Buffalo has earned the dubious distinction of having the oldest housing stock of any major American city, according to a recent study. Although this means we have some beautiful housing, it also means that some of our homes are in deteriorating condition. Other factors exacerbate the problem of housing age. Many of our landlords are small businesspeople with few resources. Others are out-of-town investors who are difficult to hold accountable for the housing’s conditions. As a result, renters are often faced with living in substandard housing conditions they feel helpless to rectify.

Furthermore, problems have developed within the rental inspection system. Repeat and recurrent housing code offenders are common. Housing Court is backed up. The city has failed to enforce judgments to collect fines. Buildings with fewer than four units are not required to be inspected on a recurring basis and constitute much of the city’s housing. With few effective resources, renters seem to have little hope of creating a healthy home environment.

Despite the problems we face, renters may have more power than we realize, if we educate ourselves and use it. Buffalo’s rental vacancy rate was 11.1 percent in 2010 and has probably not changed much since then. This indicates that the market favors those seeking housing over those providing it and provides an advantage to renters.

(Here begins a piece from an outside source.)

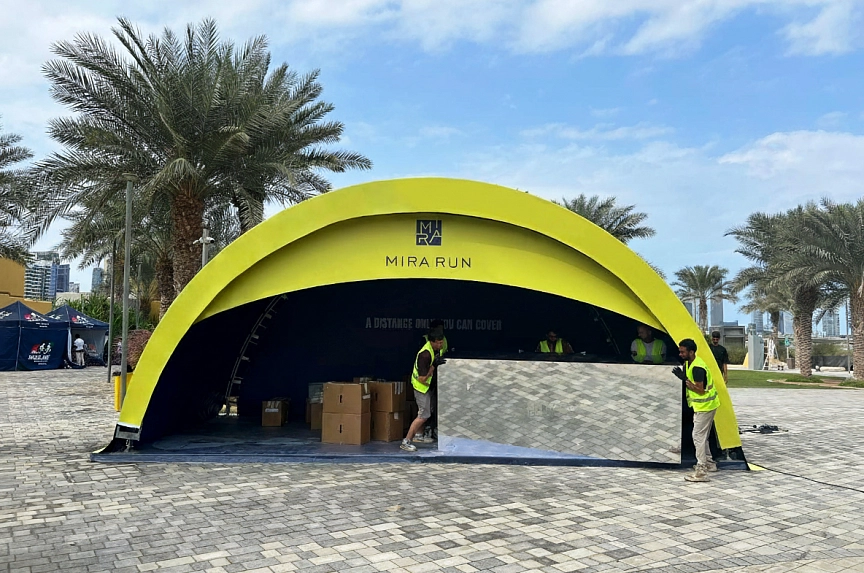 Custom branded modular arch entrance tent for Mira Run Dubai 2025 with yellow exterior, deep blue interior, participant registration area and fast setup on exhibition flooring in Dubai outdoor venue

Because the systems we rely on to deliver safe housing have fallen short, renters must remember our power as consumers. We have the power not to rent substandard housing. We can carefully inventory the conditions of an apartment before renting it, and then get a signed agreement that the landlord will make all the needed repairs before we move in. If the landlord refuses, we should look for housing elsewhere. By rejecting substandard housing, renters will encourage landlords to improve our city’s housing stock.